Wolcensmen‘s Songs from the Fyrgen is a superb album and another perfect opportunity for metal scene adherents to assert their open-mindedness to other genres of music. Not that the dark folk herein would prove much of a stretch; strains of the same atavistic longing for times long past can be found in every other black metal album with the ‘atmospheric’ label attached. Songs from the Fyrgen sounds authentically and appropriately ancient, but frequent nods to folk-oriented Ulver and Burzum‘s lo-fi ambient make the latent association with metal readily apparent.
Any hunches would be right, of course; Dan Capp will already be known to some for his recent tenure in the UK’s flagship pagan black metal act Winterfylleth—others still may know his graphic design work for Burzum’s post-slammer catalogue. I think it’s nonetheless important to state that the story of Wolcensmen began long before Capp linked up with Winterfylleth. This is important to clarify in the risk that Songs from the Fyrgen is approached as an offshoot or side-project by his existing fanbase. Many folk-exclusive projects with metal associations certainly are, to be sure, but in this and many other respects, Wolcensmen is proven an ennobled exception to the rule.
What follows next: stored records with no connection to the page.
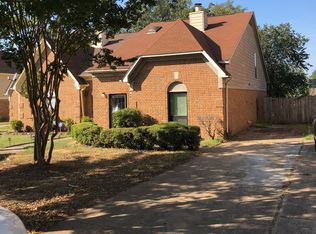 5858 Ridgehill Dr, Memphis, TN 38141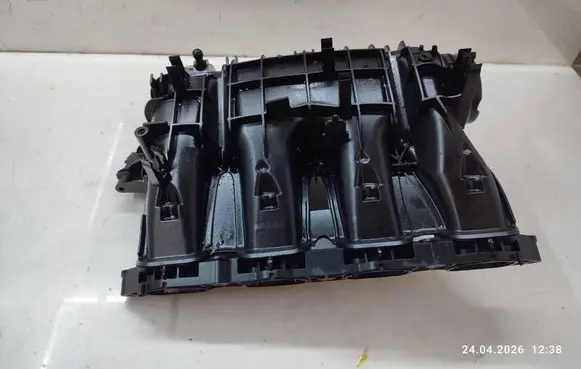 Seat Leon IV Intake manifold 05E129709S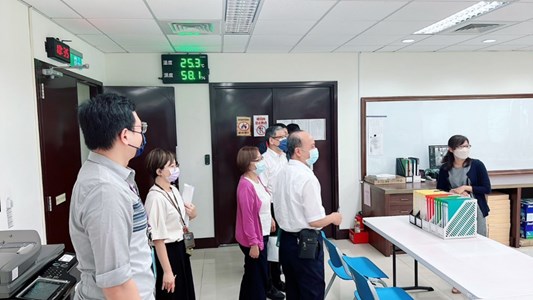 本署檔案考評小組成員進入橋頭地檢署檔案辦公室及庫房檢視各項檔管業務。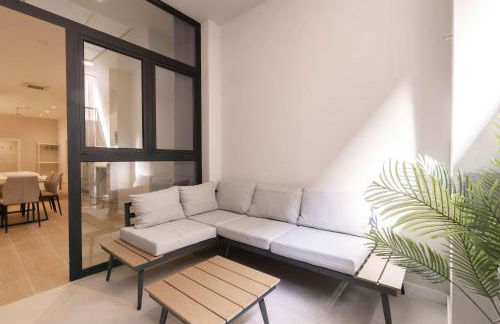 Luxury Apartments Oceanografic - Photo 26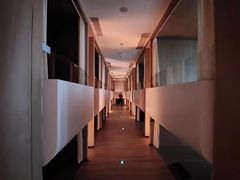 -涨巢·潮玩水疗局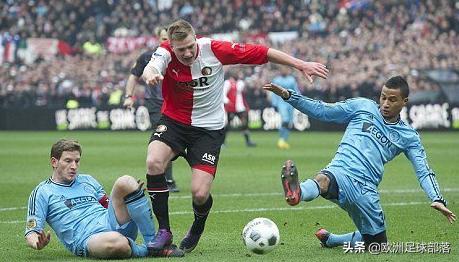 16岁加盟英超,16岁加盟曼城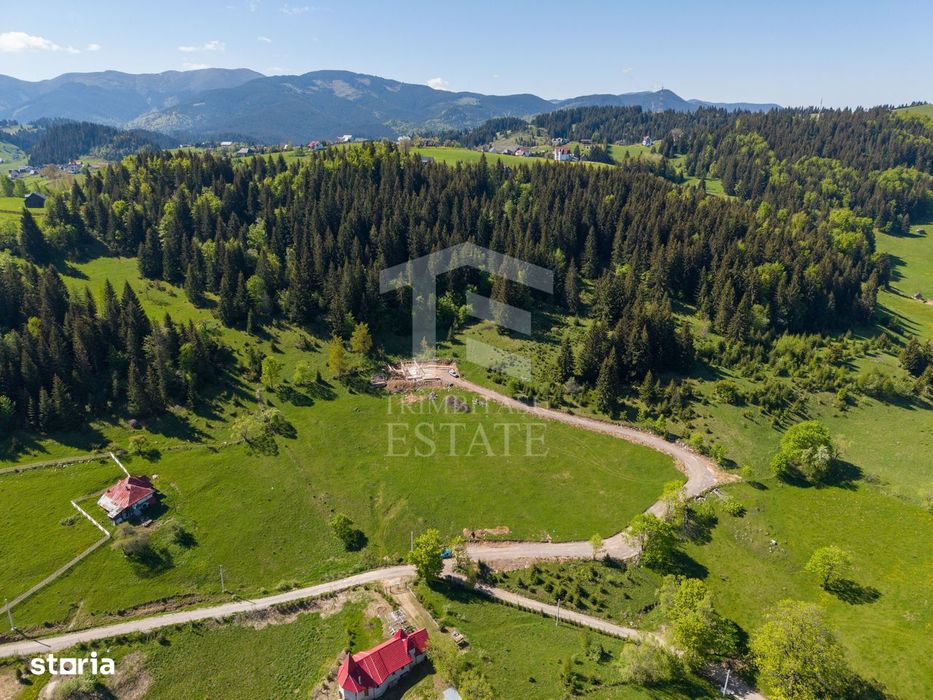 Fundata-Teren de vanzare 15,771 mp intravilan+extravilan+padure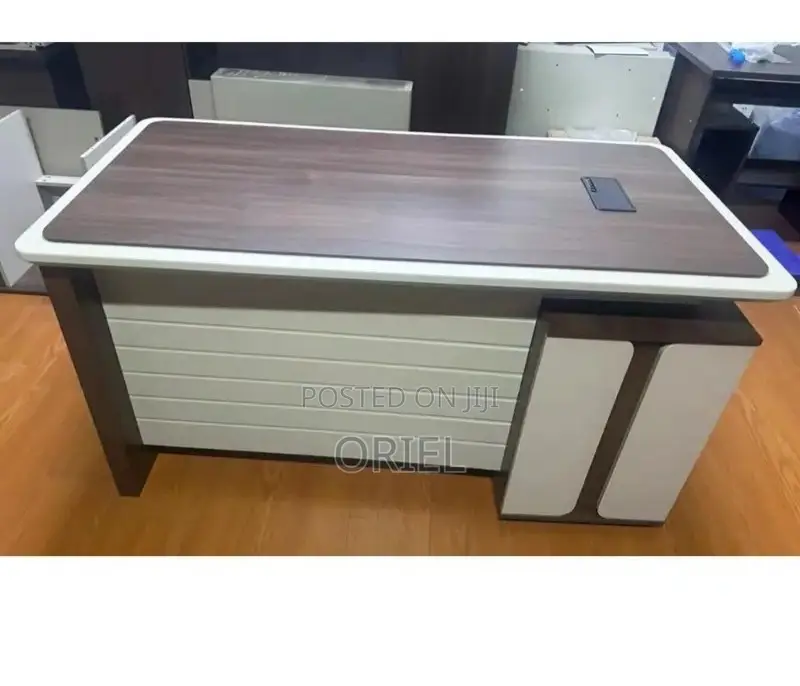 Office Desk : 1.4m Executive Desk With Drawers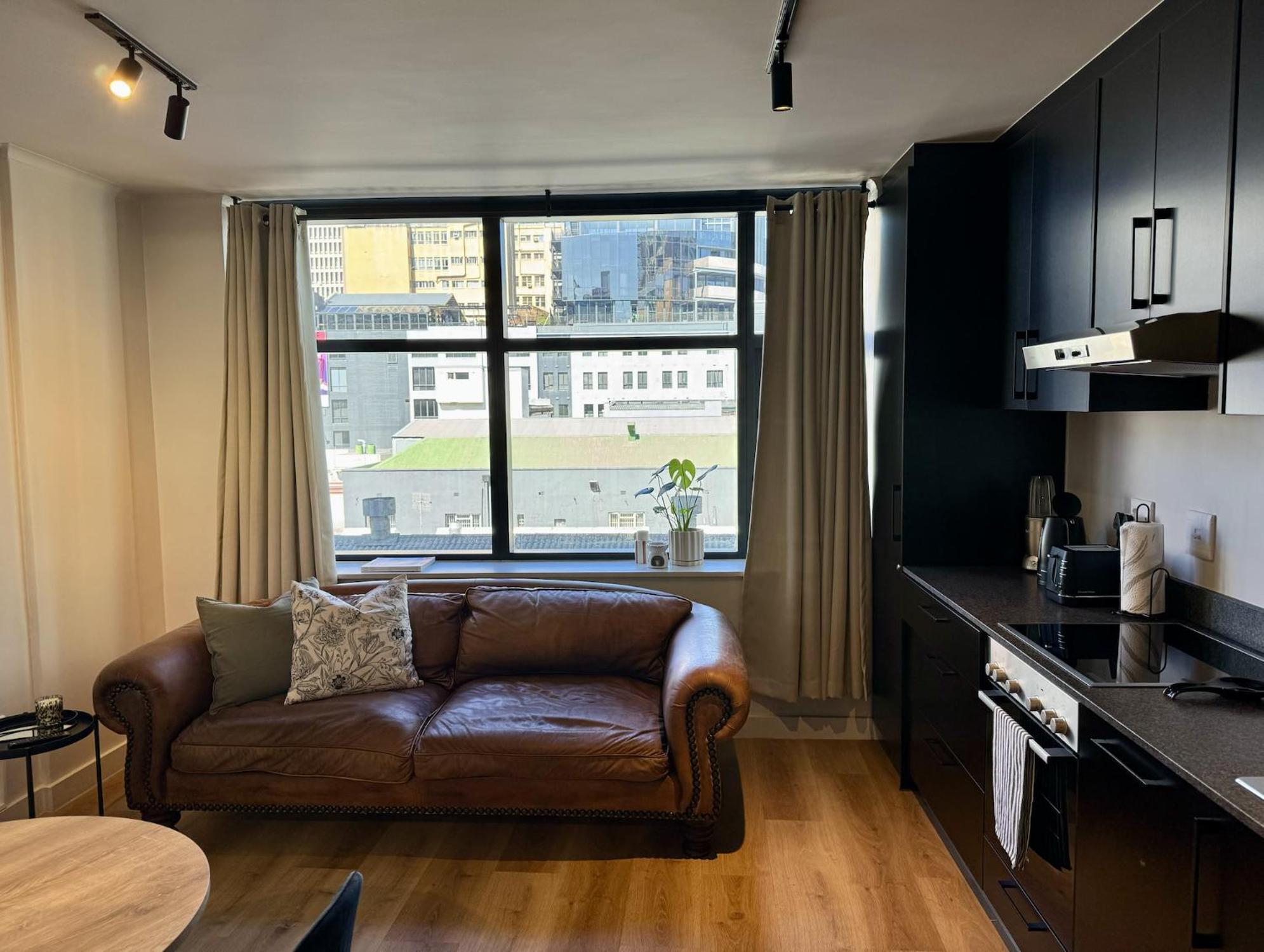 Modern Cbd Apartment *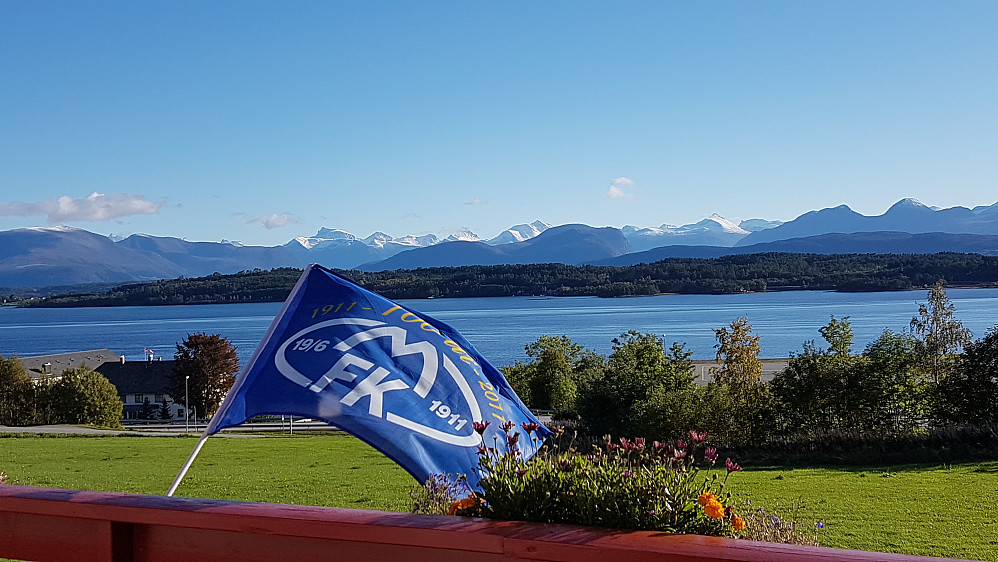 Hjemme og alt klart for Molde-kamp (i Trømsø). Seier! :-)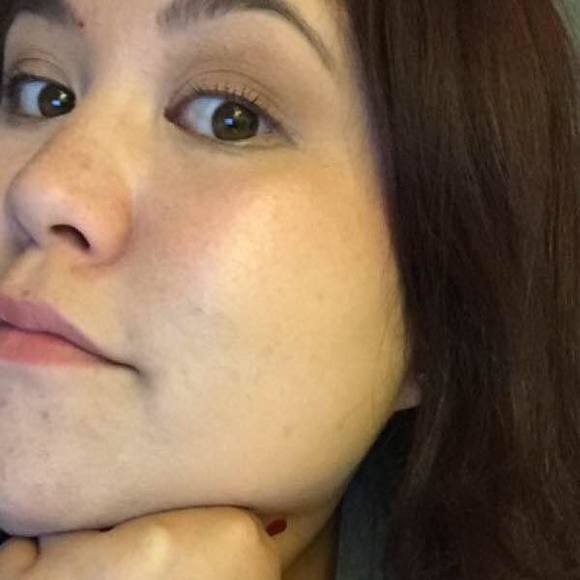Profile Picture of Emica Mehrer (@enm46) on Poshmark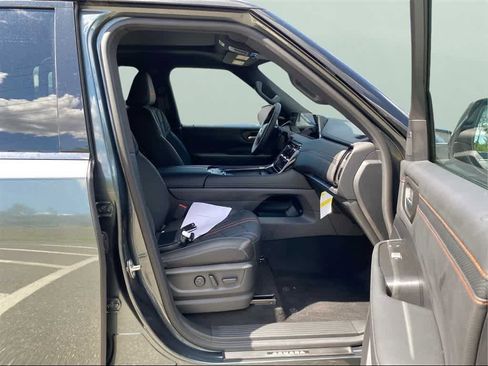 New 2025 Nissan Armada PRO-4X w/ Pro-4X Premium Package image 28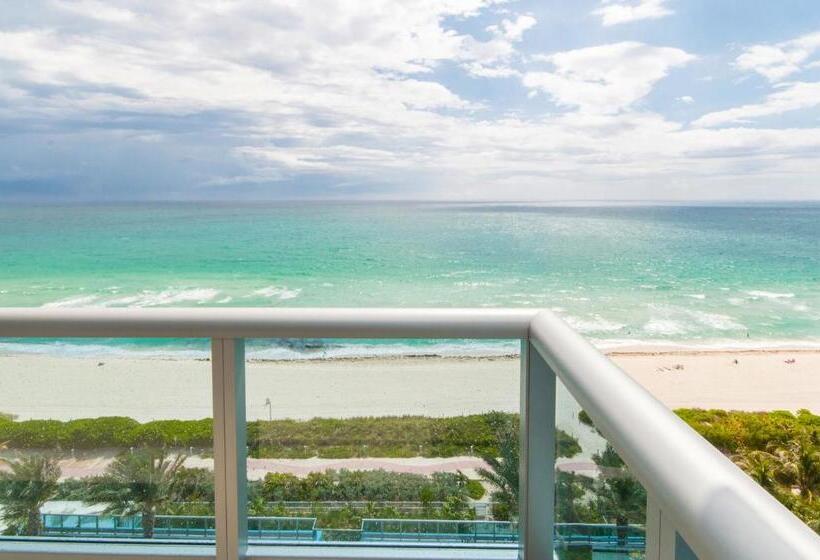 Superior suite with view, Monte Carlo Suites In Miami Beach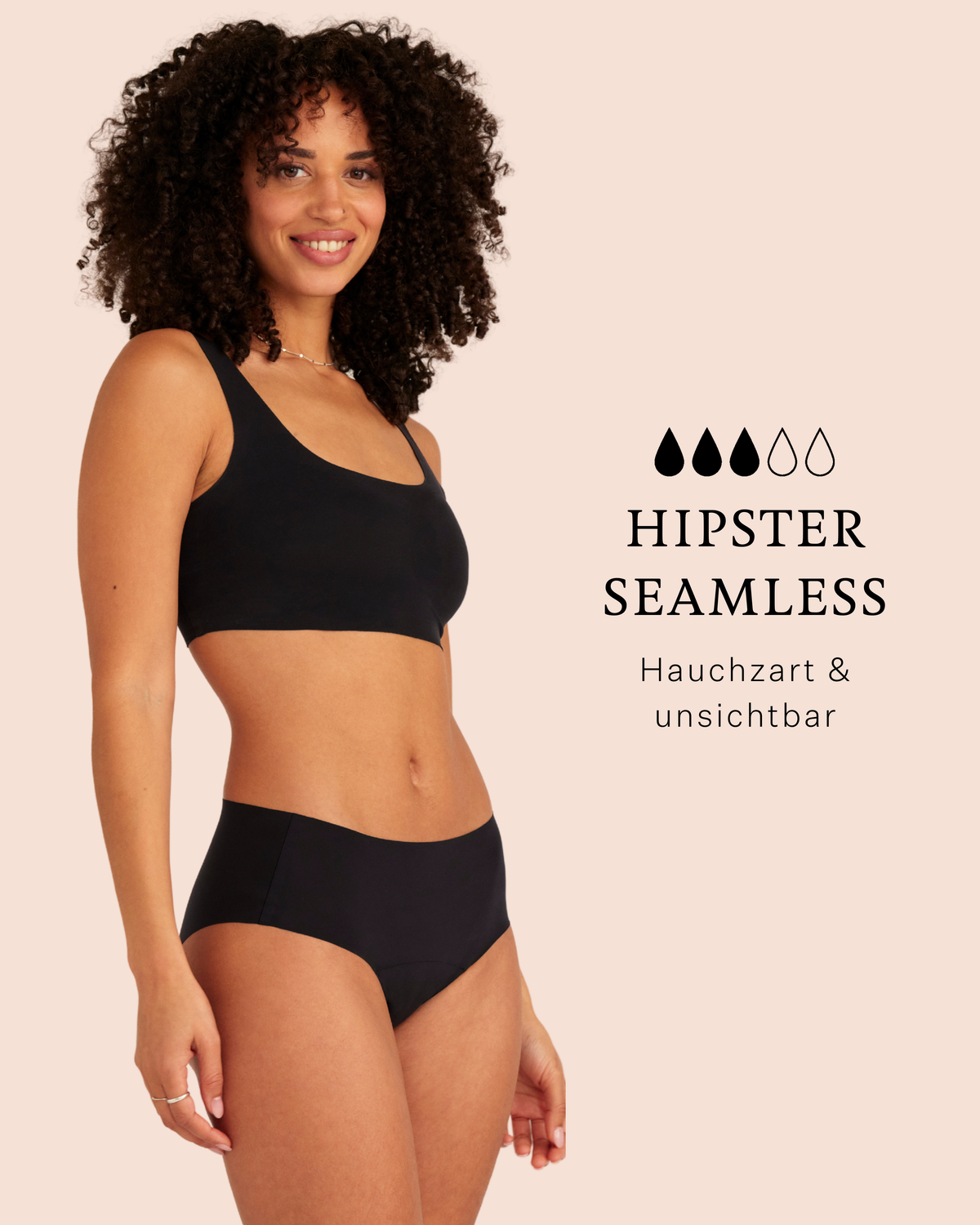 Periodenunterwäsche von ooia in Schwarz, auslaufsicherer Hipster Seamless als Teil des Seamless Sport Set für einen hauchzarten & unsichtbaren Komfort während des Sports.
So it goes, Capp was in a pub in Dublin watching an Irish folk band playing when he realized that the same couldn’t be said for active English folk traditions. Wolcensmen was created in fair part to address this perceived absence. Folk traditions are becoming more important to uphold than ever, and I’m not at all surprised that some of this action is stemming from the present black metal community. The best-known band currently bringing Northern folk back to its pre-Christian essence authentically are Wardruna; what Wardruna have done in reviving Scandinavian folk tradition, I feel Dan Capp has achieved for the English now with Wolcensmen. It is one thing to write music simply around an imagined, romanticized past; in fact, many do this already, from rich instrumentation to archaic vocal inflections. However, there is a clear sense Wolcensmen takes this principle a step further by romanticizing the past with the past’s own tools—or, at the very least, a well-researched approximation of it.
Beyond the significant context of the album, Songs from the Fyrgen is ripe with frigid winter imagery that in no way belies the warmth of the instrumentation. While the songwriting itself draws from predictable formulae, that’s part of the appeal; you can listen to Wolcensmen and feel an instant sort of comfort listening to the music, like a mug of broth after a cold trod in the snow. I was reading a Wolcensmen interview with Echoes and Dust where the interviewer made comparisons with the feeling Tolkien evoked in his pastoral descriptions of the Shire as a sort of pre-Industrial Britain. The association has stuck with me in my subsequent listens to Songs from the Fyrgen, and I can’t help but feel the same about the atmosphere. I rarely find myself thinking about individual ideas here so much as the tapestry it creates as a whole. The arrangements are incredibly lavish and deceptively complex. Although the sound is quite mellow, there’s the proof of many hours’ labour. Ambient Burzum-type synths, flute solos, and welcome cello buzz are drawn in, complementing Capp’s voice and guitars. The vocals may be the best part of all; the use of archaic English inflections and dialect lends the music a legitimate feeling of authenticity.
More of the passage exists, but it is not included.